Instantly share code, notes, and snippets.

@DeadlySurgeon
Last active Jun 15, 2022
Embed
What would you like to do?
Reducer

Reducer

POC for effictively reducing a large data footprint.

A good canidate has been found for implementing our reducer function, however more tests should be done to push optimization, not that it is needed. Overall, with harsh benchmarking we expect to see 500~1000 ns/op (I know quite the range) depending on configuration and stack size.

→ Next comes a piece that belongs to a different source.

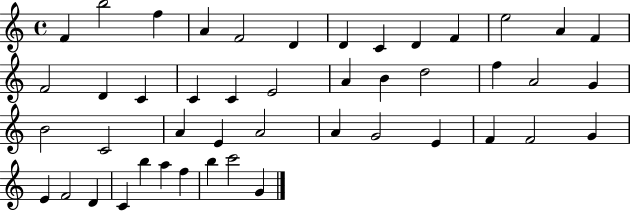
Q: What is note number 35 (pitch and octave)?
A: F4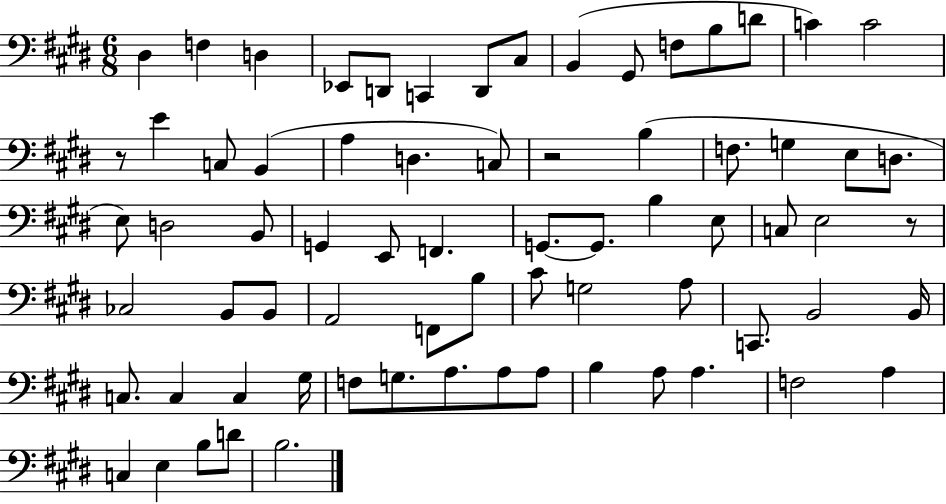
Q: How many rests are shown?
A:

More tests need to be performed though so we can determine the memory footprint. I would like to have a good estimate of stackSize to memory consumption.

First In First Out

Pushing the array right to left and popping the first element seems to be rather effective, and probably the fastest way to go about it. Maybe follow up on #darkarts to see what their ideas are. Maybe PonyDev might know too.

toDelete := stack[0]
stack = append(stack[1:], entry)
delete(data, toDelete)

Found a new, potentially better, way of doing thi. See Reducer2. I'll add more information after this flight.

Reducer2

Instead of using the append function, Reducer manually tracks the current index and loops around the array, with index+1 being the popped index. From there it calls the delete function with whatever being in the slice. We don't need to check the value of the slice at that index, because delete just doesn't delete if the value isn't in the map nor does it panic or complain.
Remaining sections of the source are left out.